The amendment, known as the Wilmot Proviso, didn’t pass the three times it was added to other bills, first in 1847 and again later, in 1848 and 1849. But it did cause a firestorm in American politics; it forced Democrats to take a stance on the issue of slavery in order to pass a standard funding bill, one that normally would have passed without delay.
Many Northern Democrats, especially those from states such as New York, Massachusetts, and Pennsylvania — where abolitionist sentiment was growing — had to respond to a large part of their base that wanted to see slavery stopped. Which meant that they needed to vote against their Southern counterparts, fracturing the Democratic Party in two.
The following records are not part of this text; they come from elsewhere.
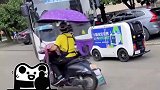 无人快递车和公交车僵持，妥妥的人工智障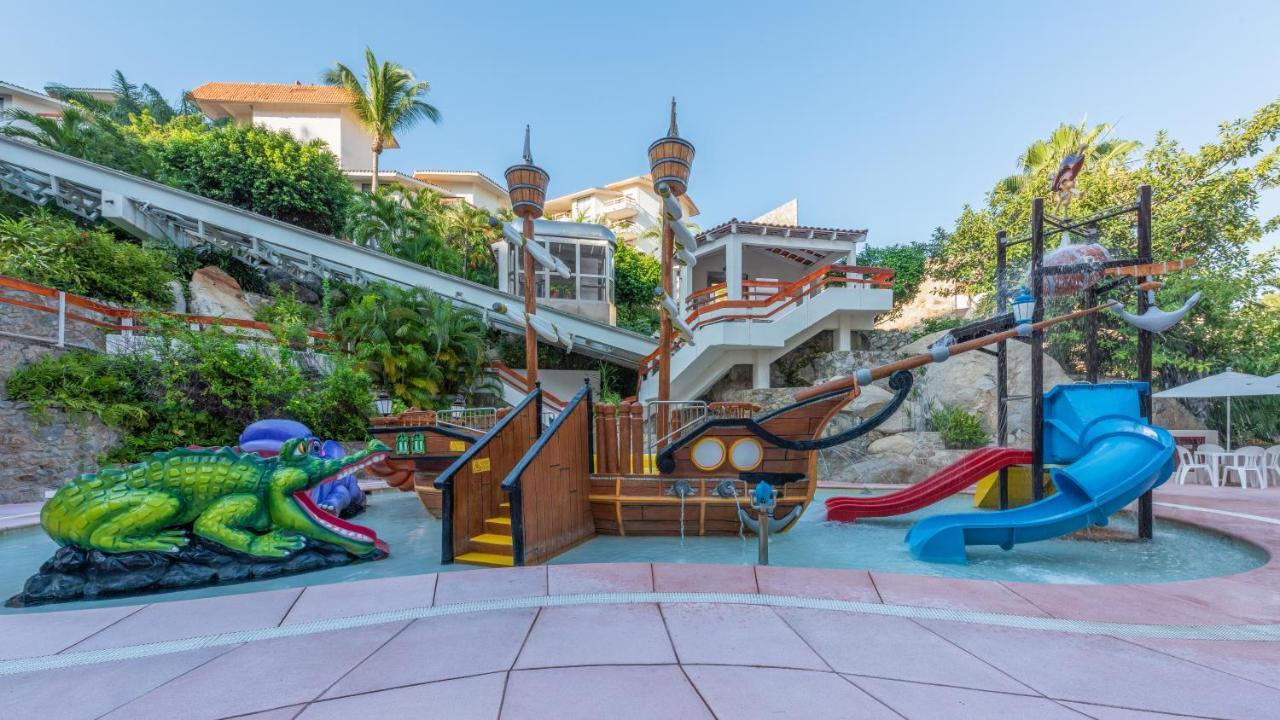 Park Royal Beach Acapulco Exterior photo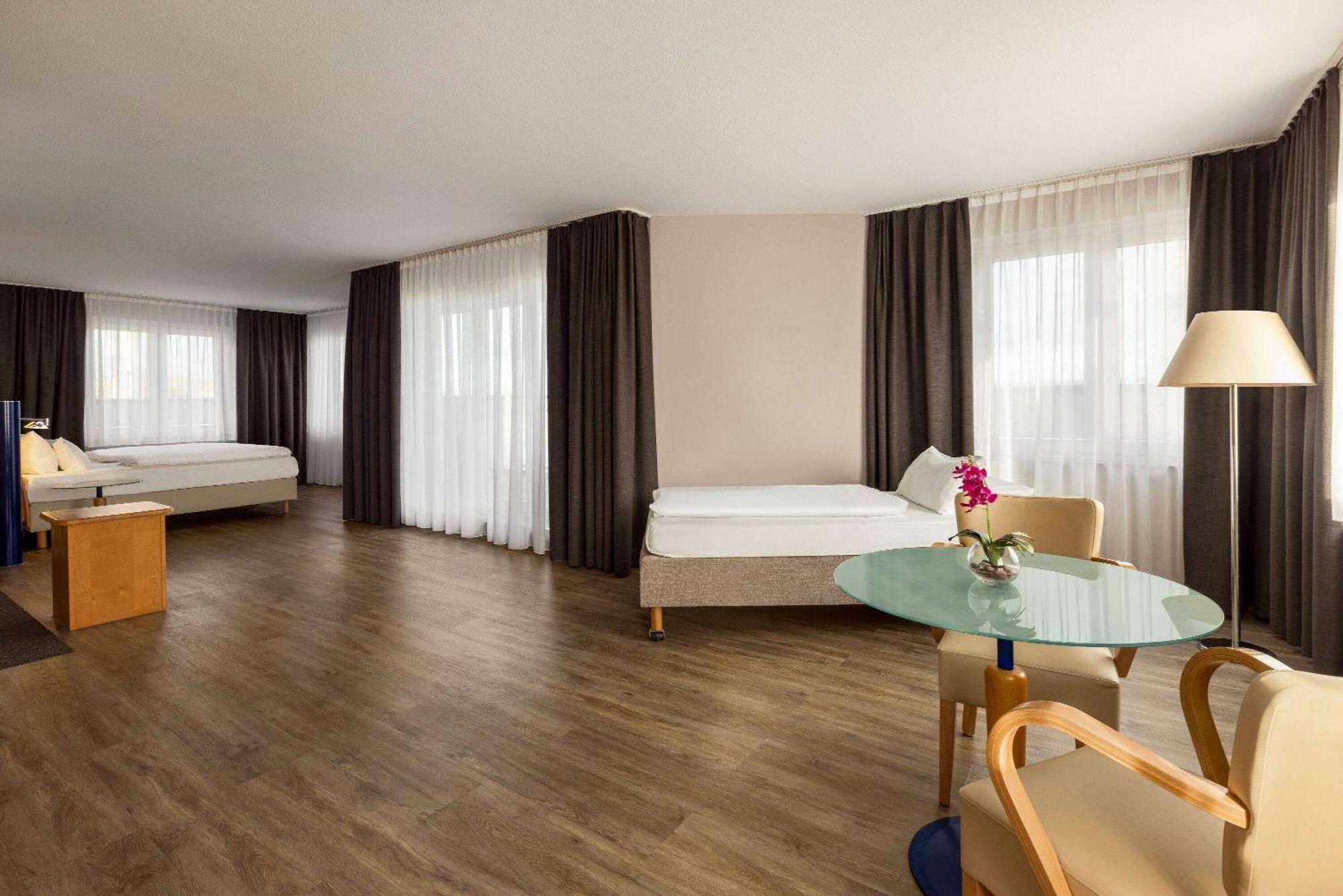 อาเมเดีย โฮเทล เดรสเดิน เอลบ์พรอมเมอนาด Hotel เดรสเดน ภายนอก รูปภาพ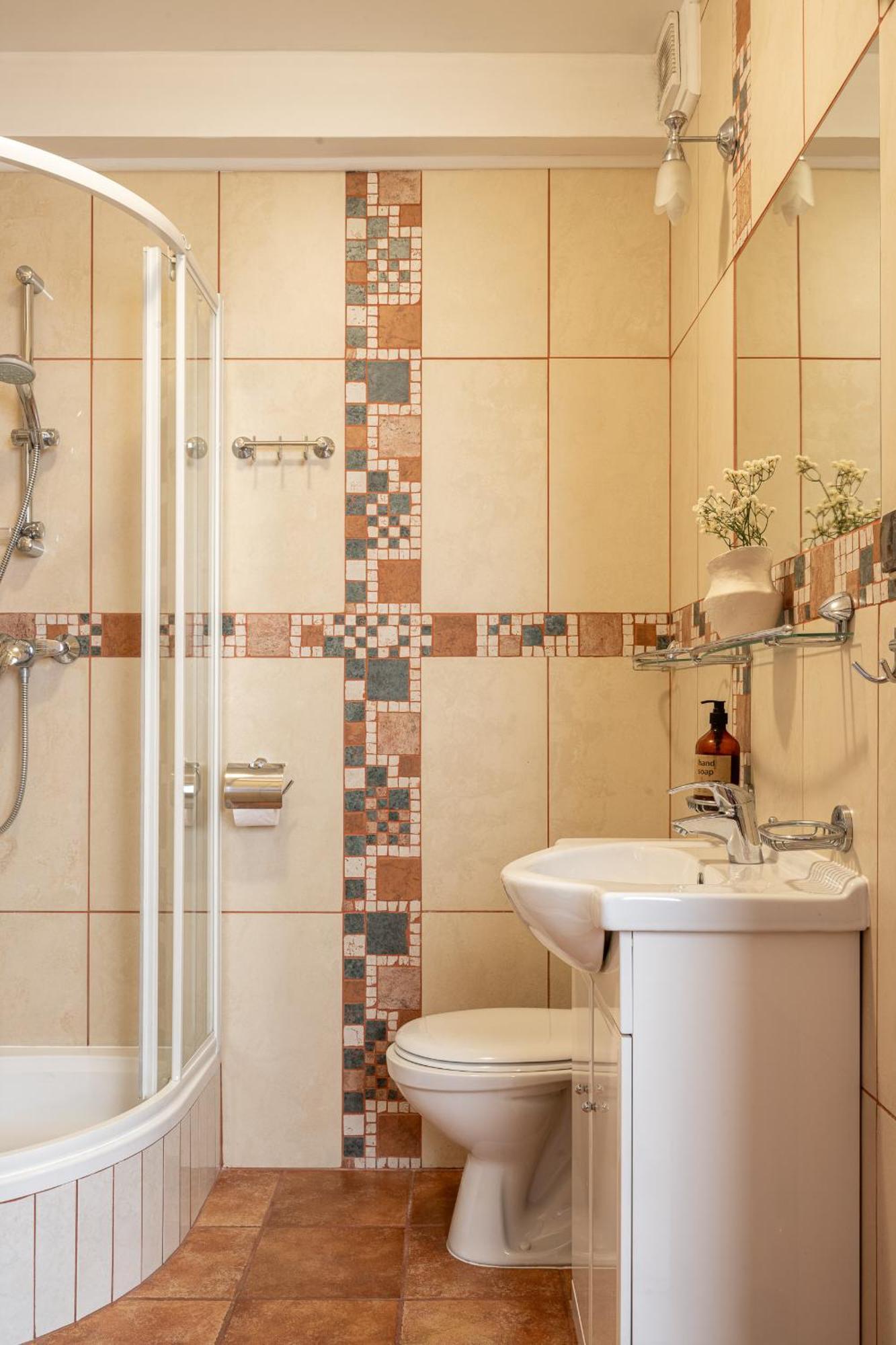 Apartserwis Orkana Oli *
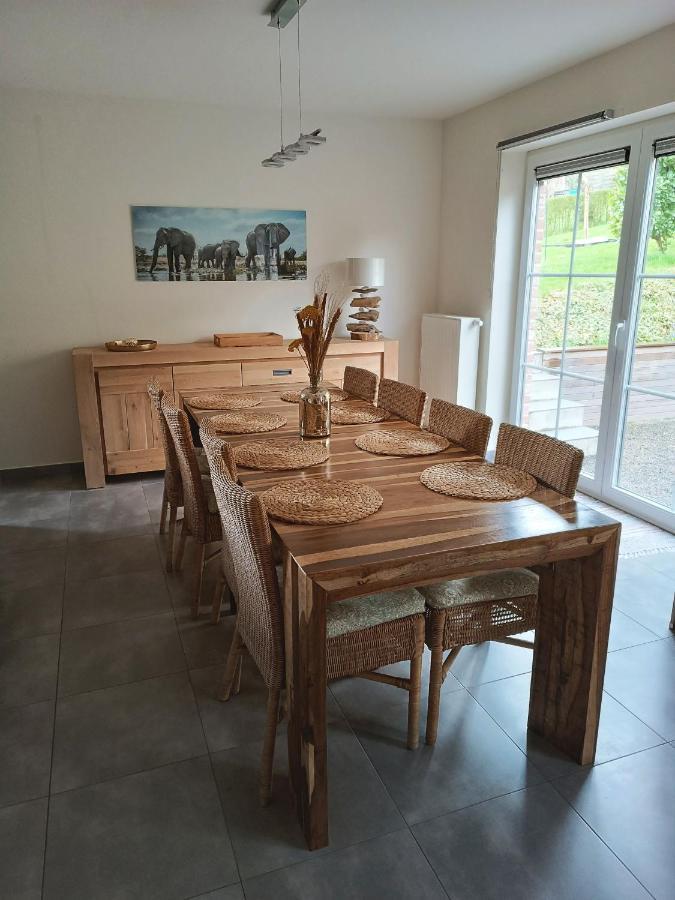 Maison Et Velos A Godinne Dans La Vallee De La Meuse Exteriör bild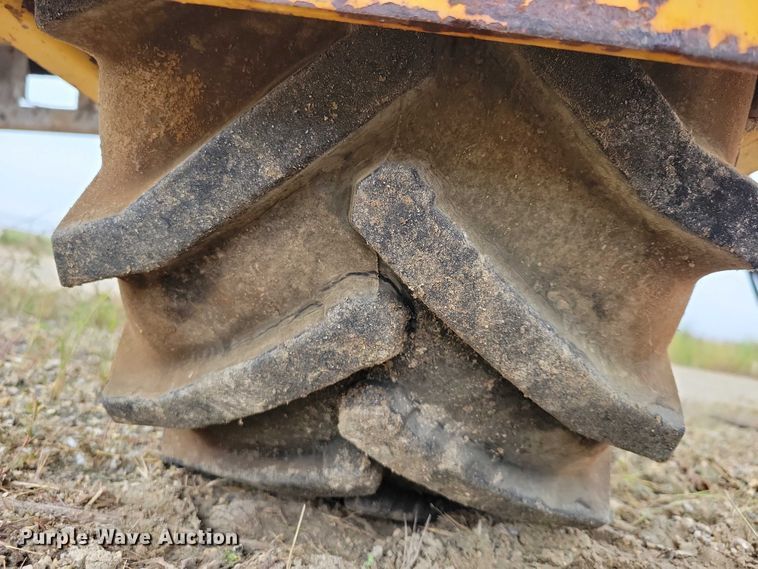 image for item DZ6619 Gomaco RC240-24 bridge conveyor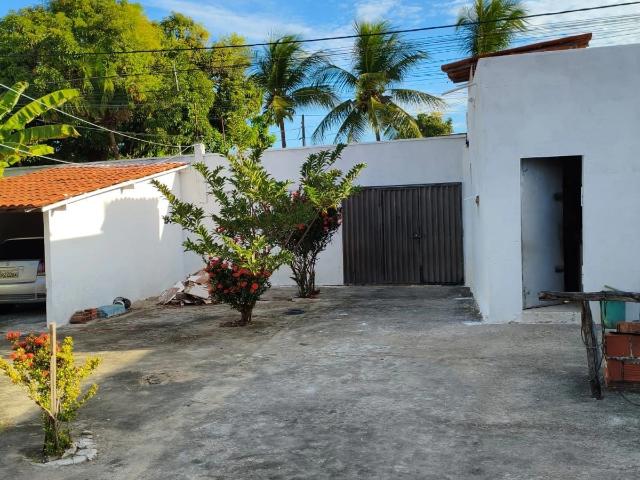 Casa / Sobrado para Venda em Fortaleza/CE Siqueira 4 Quartos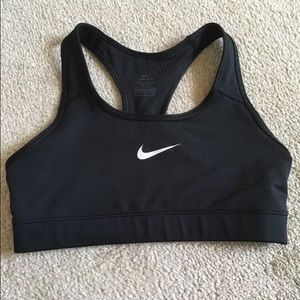 Nike women's black sports bra sz small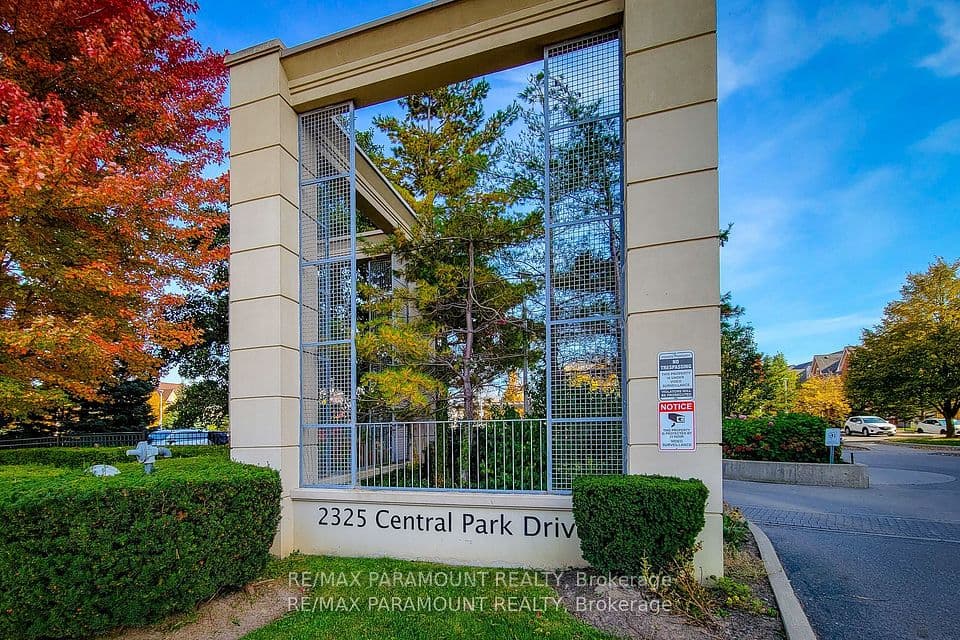 2325 Central Park Drive 1102, Oakville, ON L6H 0E2 – photo 3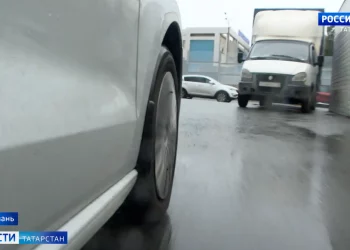 Нарушил один — платит другой: автомобили-двойники появились на улицах Казани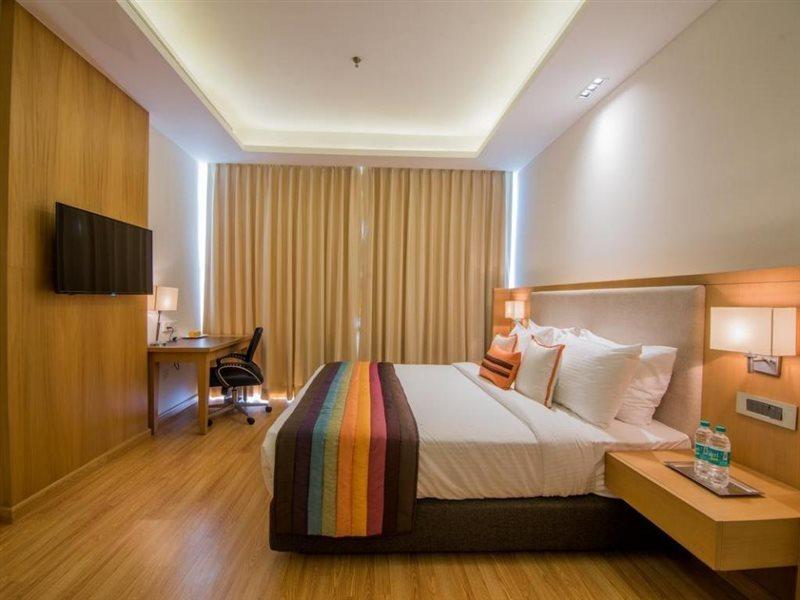 The Imperial Poonam Hotel Phagwāra Extérieur photo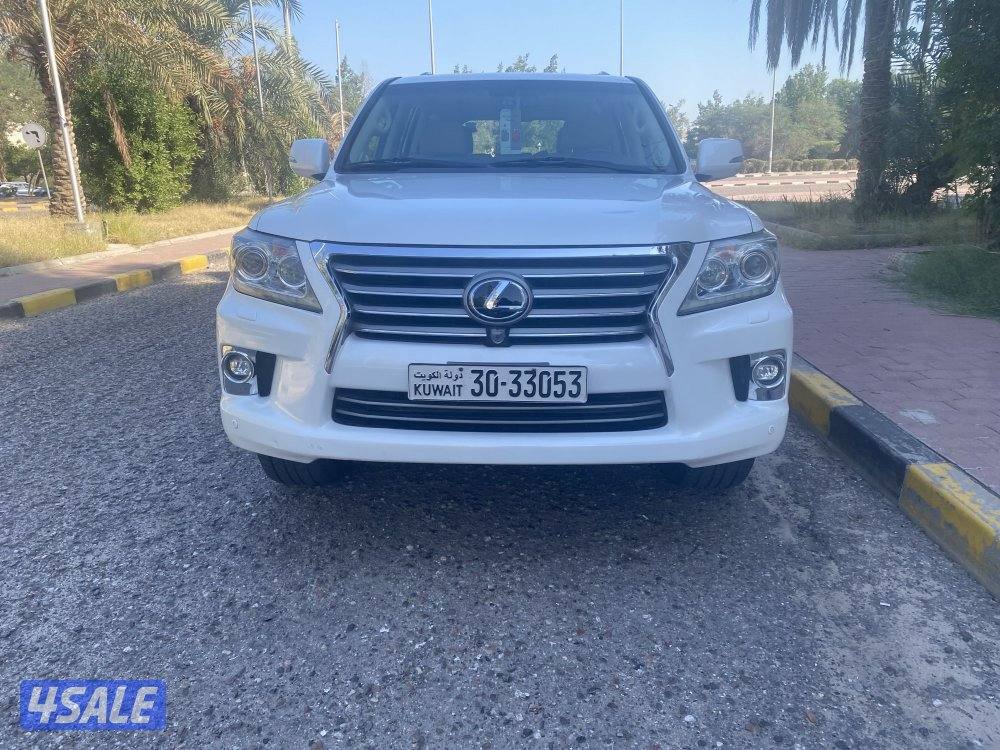 للبيع لكزس الساير مديل2014 الدرجه الاوله المالك الاول عداد272الف1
This issue about how to deal with slavery in the new territories appeared once again in 1849, when California applied to be admitted to the Union as a state. The South had been hoping to extend the Missouri Compromise line west so that it would split California, allowing slavery in its southern half. This was rejected, though, by none other than the Californians themselves when they approved a constitution in 1849 that expressly banned slavery.
In the Compromise of 1850, Texas gave up claims to New Mexico in exchange for help in paying their debts, the slave trade abolished in Washington, D.C., and, perhaps most importantly, the newly-organized New Mexico and Utah territories would determine their own slavery fates using a concept known as “popular sovereignty.”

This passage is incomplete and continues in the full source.